A Noiva do Deserto se constrói como fábula. Não existe verossimilhança nesta sucessão de empecilhos: o roteiro ostenta grande prazer em criar problemas para vender a solução. Teresa torna-se uma marionete, fruto das circunstâncias. Ela se move onde o roteiro lhe permite, embora tome poucas iniciativas próprias. O drama deseja entregar, como presente providencial, um dia atípico na vida desta mulher, mesmo que para isso precise alterar todo o funcionamento de uma cidade em função dela. O resultado é tão doce quanto artificial.
Ironicamente, a personagem tinha profundidade de sobra para despertar conflitos internos, psicológicos, e não apenas truques vindo do mundo exterior.

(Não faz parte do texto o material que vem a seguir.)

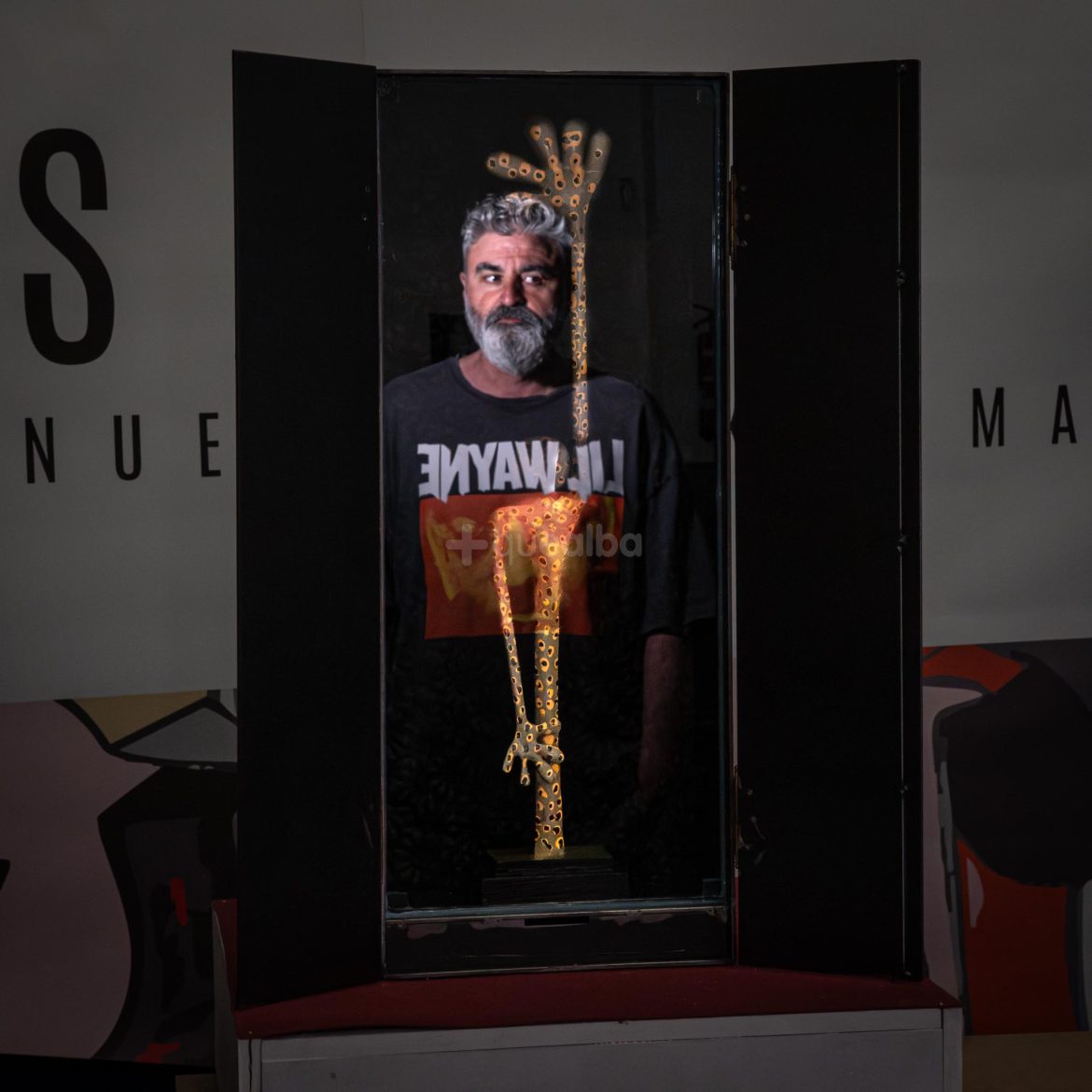 El afamado escultor albaceteño Santi Flores acaba de presentar su nueva y original propuesta, 'Arte Limosnero'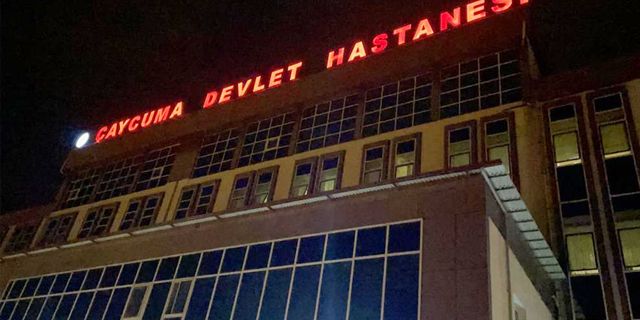Traktörle tarlasını sürerken eşini ezdi!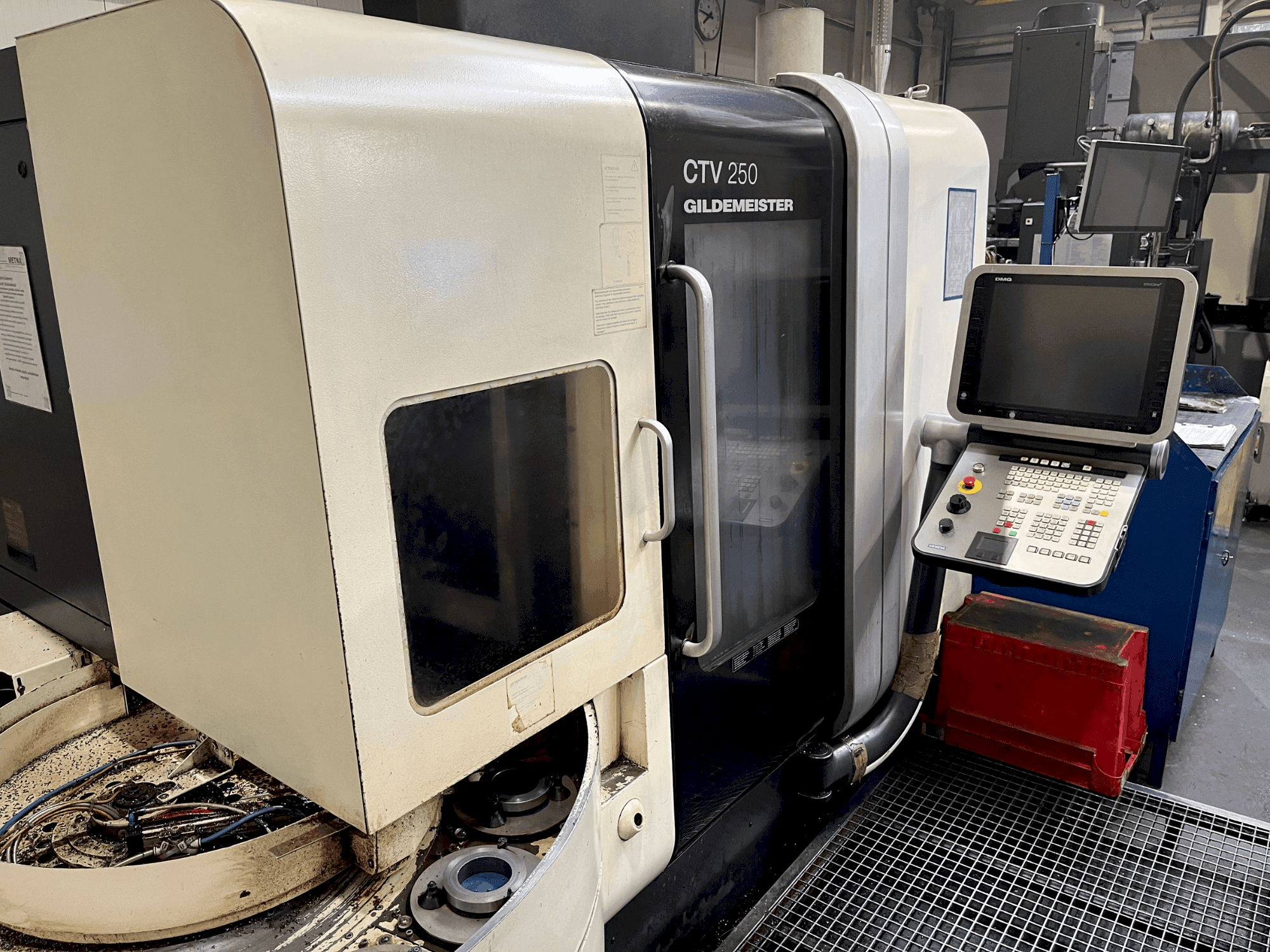 DMG GILDEMEISTER CTV 250-maskinen framifrån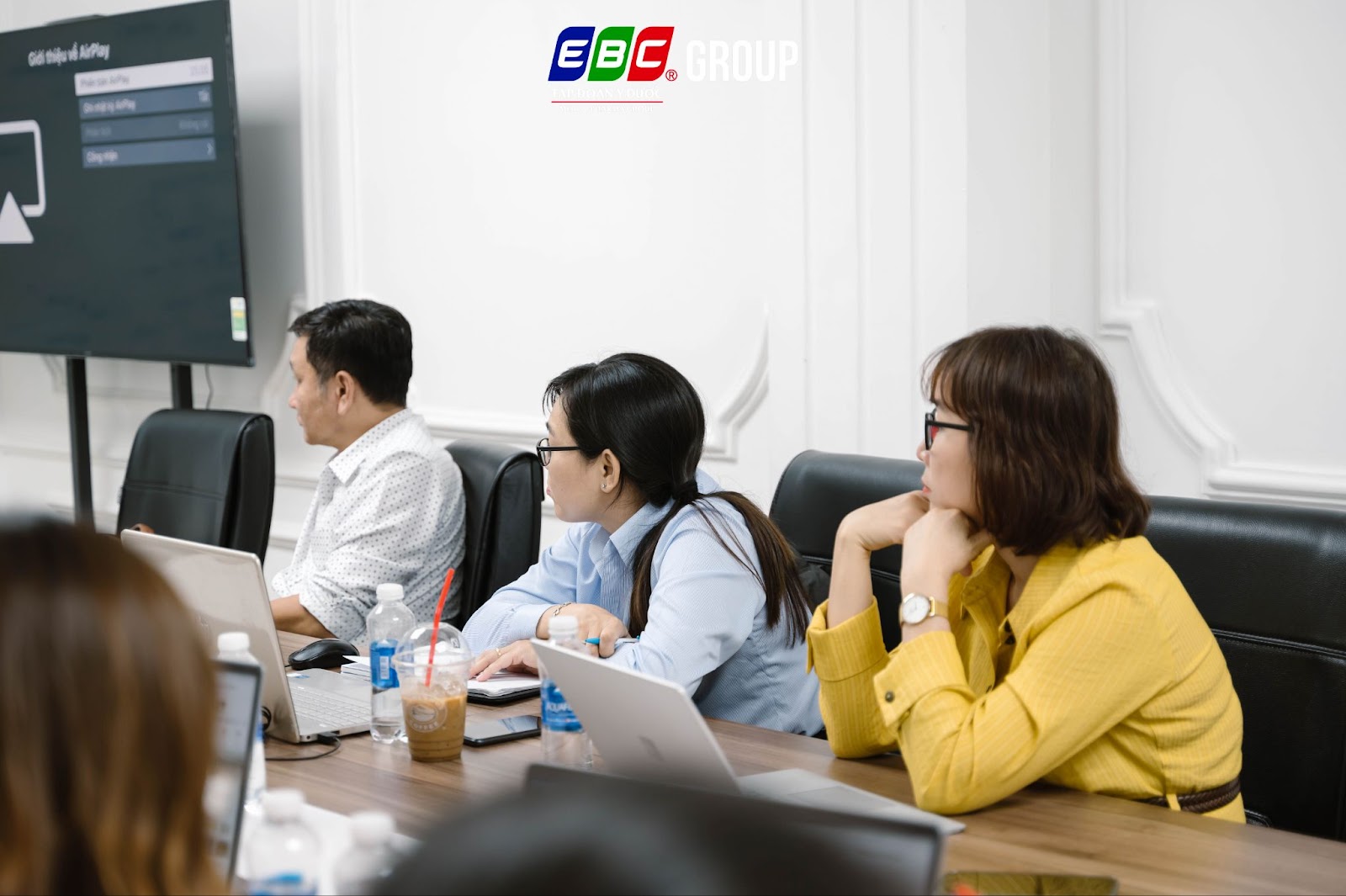 Chủ tịch Đinh Văn Liên họp Ban Lãnh đạo Nhà máy EBB - Ảnh 2 Chủ tịch Đinh Văn Liên họp Ban Lãnh đạo Nhà máy EBB - Ảnh 2
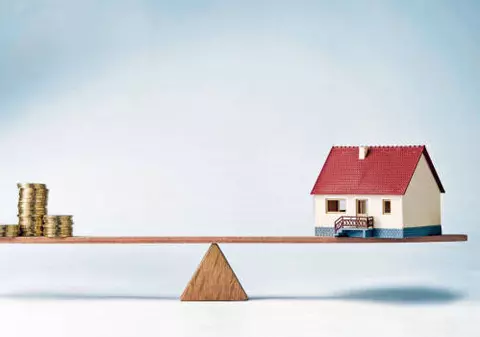 Legea care îi SALVEAZĂ pe 800.000 de români de POVARA CREDITELOR IPOTECARE nu afectează piața imobiliară. Băncile continuă amenințările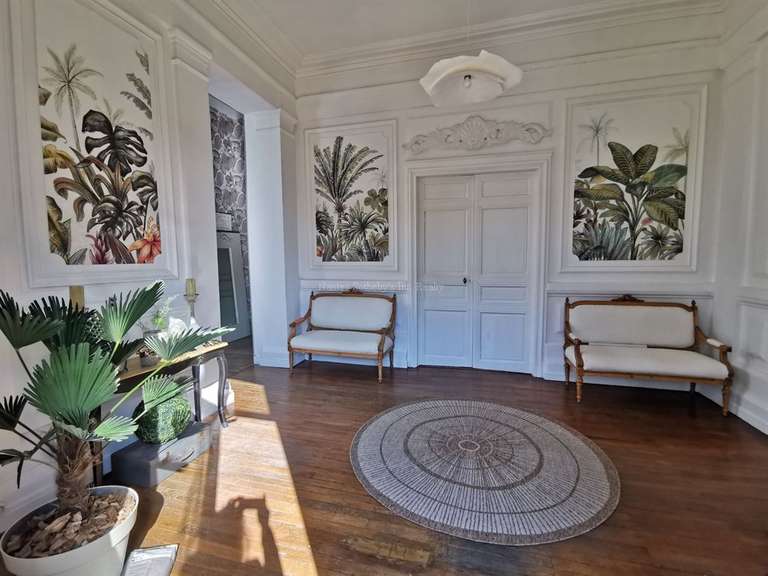 Maison Nantes - 12 chambres - 675m²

Os flashbacks, de cor pálida e câmera fixa, apresentam a rotina agridoce da mulher, perdendo o filho simbólico – o jovem que criou desde o nascimento, mas agora está prestes a se casar. A partida do rapaz gera um sentimento de luto muitíssimo bem filmado, em especial nas cenas dentro do quarto da empregada. O retrato realista, no tempo passado, se mostra muito mais interessante do que o presente fabular, em cores saturadas sugerindo otimismo.
O grande mérito deste projeto é Paulina Garcia. A excepcional atriz de Gloria e A Cordilheira efetua impecável composição de uma mulher pouco instruída, mas não ignorante, simples, porém não simplória. Cada olhar, gesto ou diálogo é trabalhado à perfeição pela intérprete, capaz de sugerir elementos da personalidade da protagonista que sequer figuram no roteiro. Como par romântico, Gringo (Claudio Rissi) também se sai bem na intersecção entre brutalidade e gentileza. O romance entre eles é tão improvável quanto qualquer outro elemento da trama, e talvez por isso funcione ao espectador disposto a abrir mão de cobranças realistas.
A Noiva do Deserto se conclui com a sensação de dever cumprido. A mulher triste recebe seu dia improvável, cor-de-rosa, como um sonho. O problema é que, para isso, o filme coloca a protagonista em posição passiva, funcionando como espectadora dos acontecimentos ao redor. Além disso, romantiza atitudes condenáveis de seu pretendente e sugere que tudo de que a mulher solitária precisava era a boa e velha companhia masculina. Para uma obra escrita e roteirizada por duas mulheres, Cecilia Atan e Valeria Pivato, a emancipação de Teresa deixa um gosto agridoce.
Filme visto na 41ª Mostra Internacional de Cinema de São Paulo, em outubro de 2017.